__Records__.
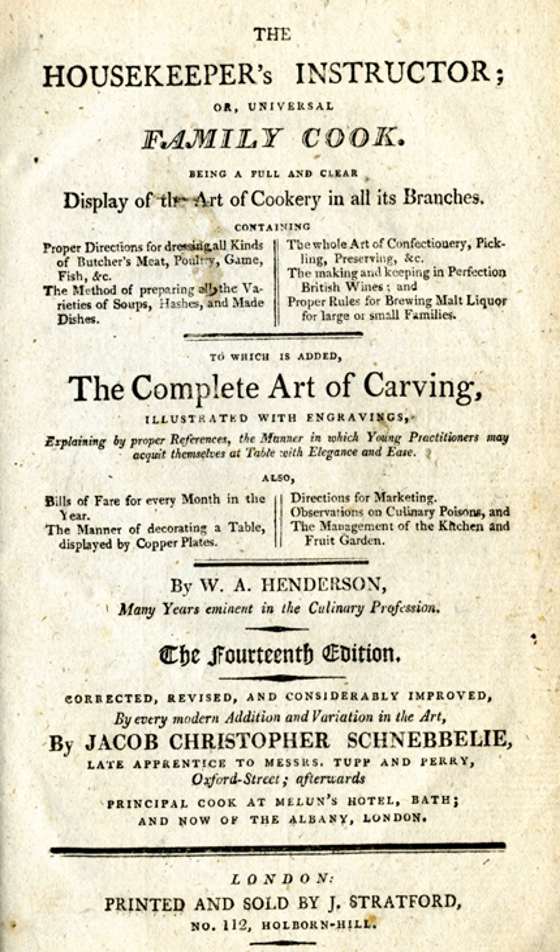Editions: 1st edition 1791; 5th edition 1793; 8th edition 1800; 12th edition 1805; 14th edition 1807; 15th edition 1809; 16th edition 1810; 17th edition 1811.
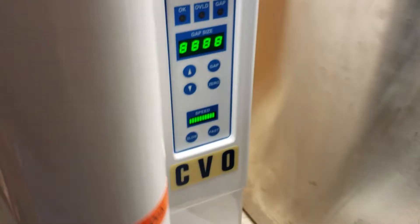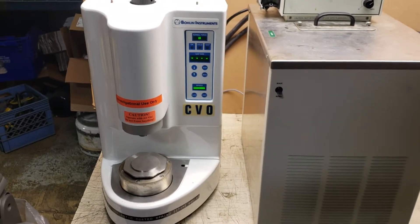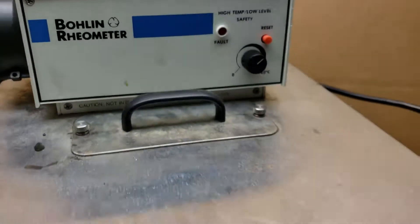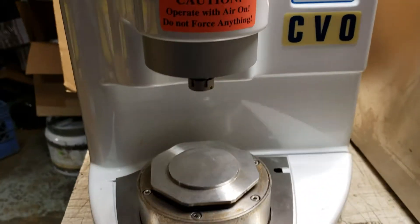I will turn the system on. I think it's beeping because it does not have air. But you can hear this thing's on right now — just came on, and the fan's blowing. This thing is definitely on.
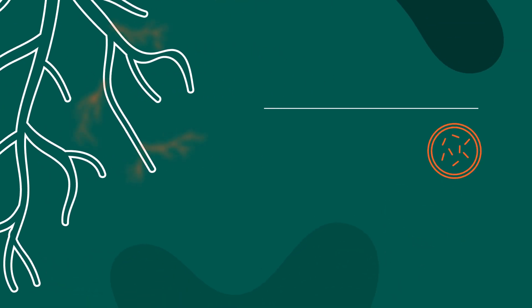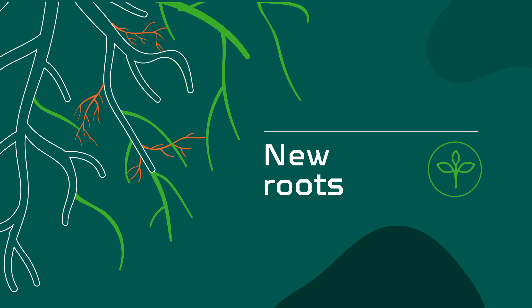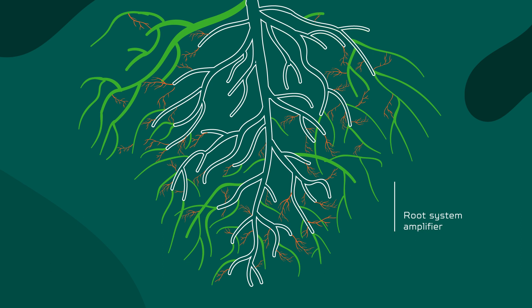The mycelium — thin roots produced by the fungus — connect to new roots. The plant will help the mycelium to connect by generating new, healthy and strong roots. This way, a vast network of interconnected roots from which both benefit is created.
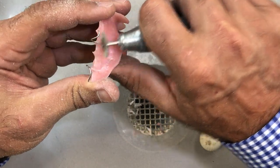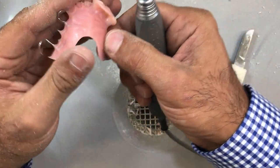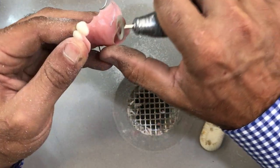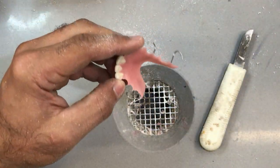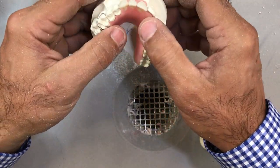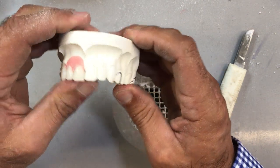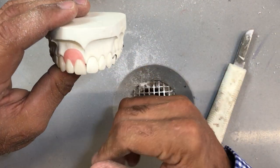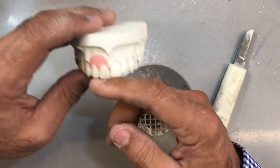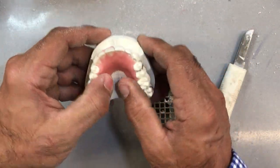Polish a little bit on the inside. Let's fit this back on our duplicate model to see how everything looks. It's a nice tight fit. Again, this central appears to be a little bit longer — don't trim it back before you assess it in the patient's mouth. If it looks the same intraorally, then you can zip it back a little bit and polish it. Go back to the lower and finish the trimming.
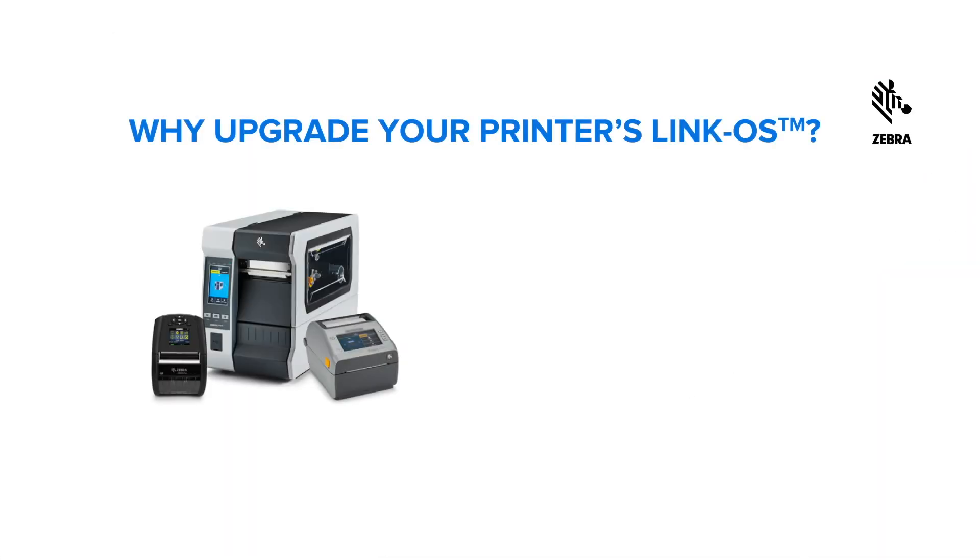Future-proof your investments and keep them running smoothly at all times. Your Zebra printers are driven by LinkOS, a powerful operating system enabling enhanced capabilities through Zebra DNA's suite of software tools. Whether you are using our industrial, desktop or mobile printers, LinkOS ensures a seamless experience for every user.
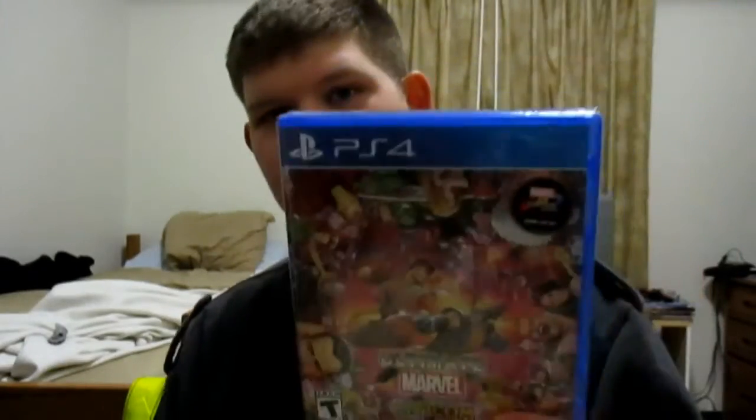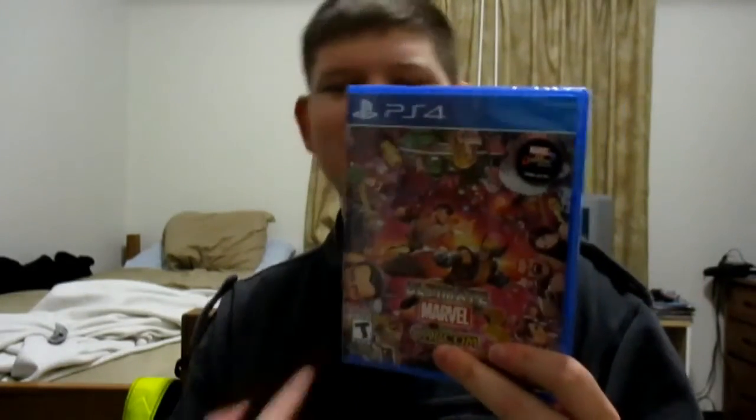Hey YouTube, it's me Banzicoot, and today I have an unboxing for you guys — kind of a lame unboxing, not gonna lie, but it's Ultimate Marvel vs. Capcom 3 on the PS4. This is a physical release, a GameStop exclusive. I'm just kidding about it being only mine — you can pick these up at GameStop right now.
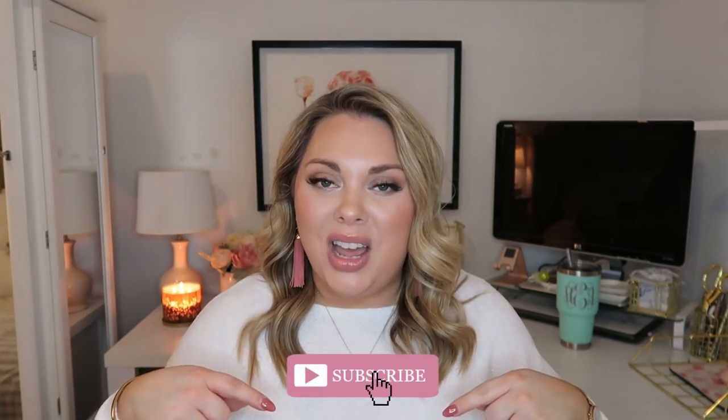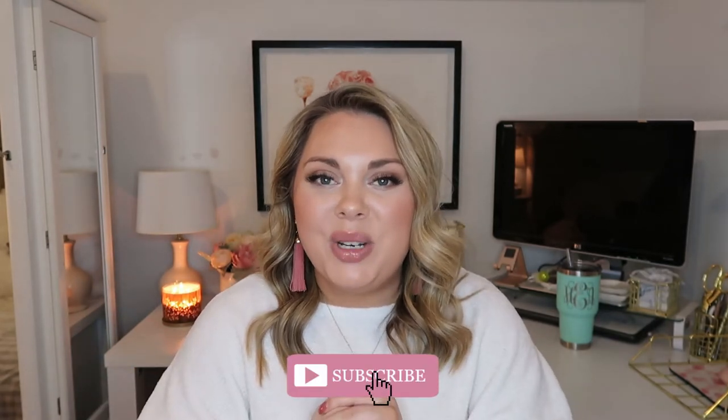If you guys like these types of videos, let me know in the comments below — unboxings, hauls, all those sorts of videos. I love doing them and watching them too. Don't forget to hit that subscribe button if you're new to my channel. Like this video if you enjoy this type of content, and let's get started — I cannot wait to see what this bag is all about!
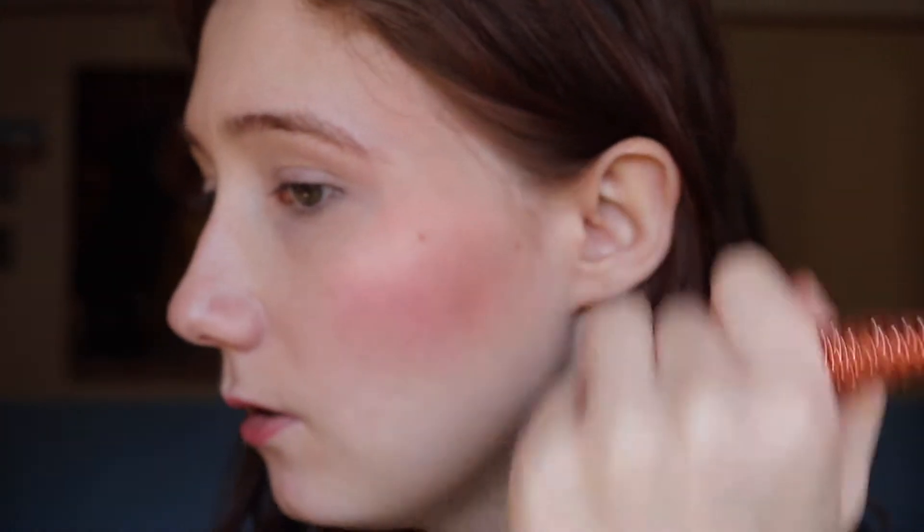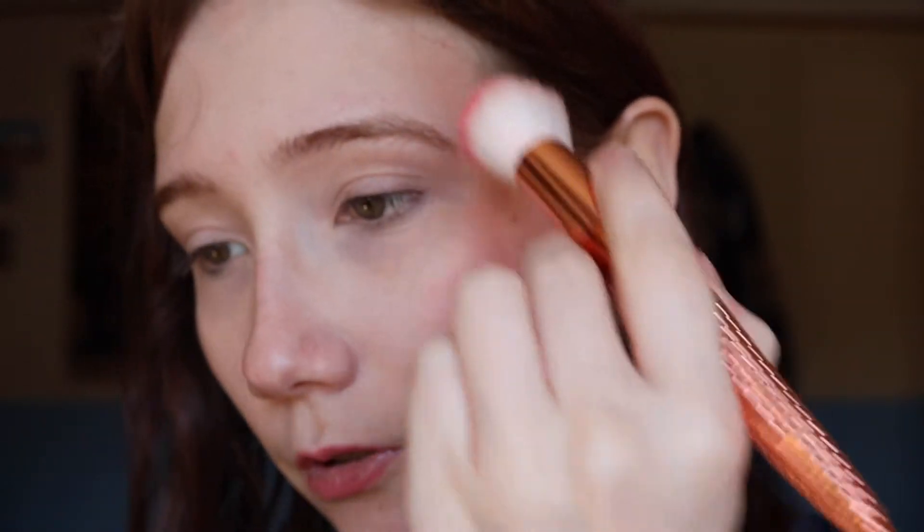Then we're gonna do blush. I don't know if this has a name — a shimmer blush. It doesn't have a name, but we're going very, very heavy with this. Even like almost into the eye. I'm a bit scared. Like in the camera it looks really intense, but in reality it's just not that intense. It also has shimmer to it. So I'm going a bit on my eyes here, like this.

__Task requirements__. Every record must be copied exactly, with images dropped from the result.

__Task result__.
Editions: 1st edition 1791; 5th edition 1793; 8th edition 1800; 12th edition 1805; 14th edition 1807; 15th edition 1809; 16th edition 1810; 17th edition 1811.
I will turn the system on. I think it's beeping because it does not have air. But you can hear this thing's on right now — just came on, and the fan's blowing. This thing is definitely on.
The mycelium — thin roots produced by the fungus — connect to new roots. The plant will help the mycelium to connect by generating new, healthy and strong roots. This way, a vast network of interconnected roots from which both benefit is created.
Polish a little bit on the inside. Let's fit this back on our duplicate model to see how everything looks. It's a nice tight fit. Again, this central appears to be a little bit longer — don't trim it back before you assess it in the patient's mouth. If it looks the same intraorally, then you can zip it back a little bit and polish it. Go back to the lower and finish the trimming.
Future-proof your investments and keep them running smoothly at all times. Your Zebra printers are driven by LinkOS, a powerful operating system enabling enhanced capabilities through Zebra DNA's suite of software tools. Whether you are using our industrial, desktop or mobile printers, LinkOS ensures a seamless experience for every user.
Hey YouTube, it's me Banzicoot, and today I have an unboxing for you guys — kind of a lame unboxing, not gonna lie, but it's Ultimate Marvel vs. Capcom 3 on the PS4. This is a physical release, a GameStop exclusive. I'm just kidding about it being only mine — you can pick these up at GameStop right now.
If you guys like these types of videos, let me know in the comments below — unboxings, hauls, all those sorts of videos. I love doing them and watching them too. Don't forget to hit that subscribe button if you're new to my channel. Like this video if you enjoy this type of content, and let's get started — I cannot wait to see what this bag is all about!
Then we're gonna do blush. I don't know if this has a name — a shimmer blush. It doesn't have a name, but we're going very, very heavy with this. Even like almost into the eye. I'm a bit scared. Like in the camera it looks really intense, but in reality it's just not that intense. It also has shimmer to it. So I'm going a bit on my eyes here, like this.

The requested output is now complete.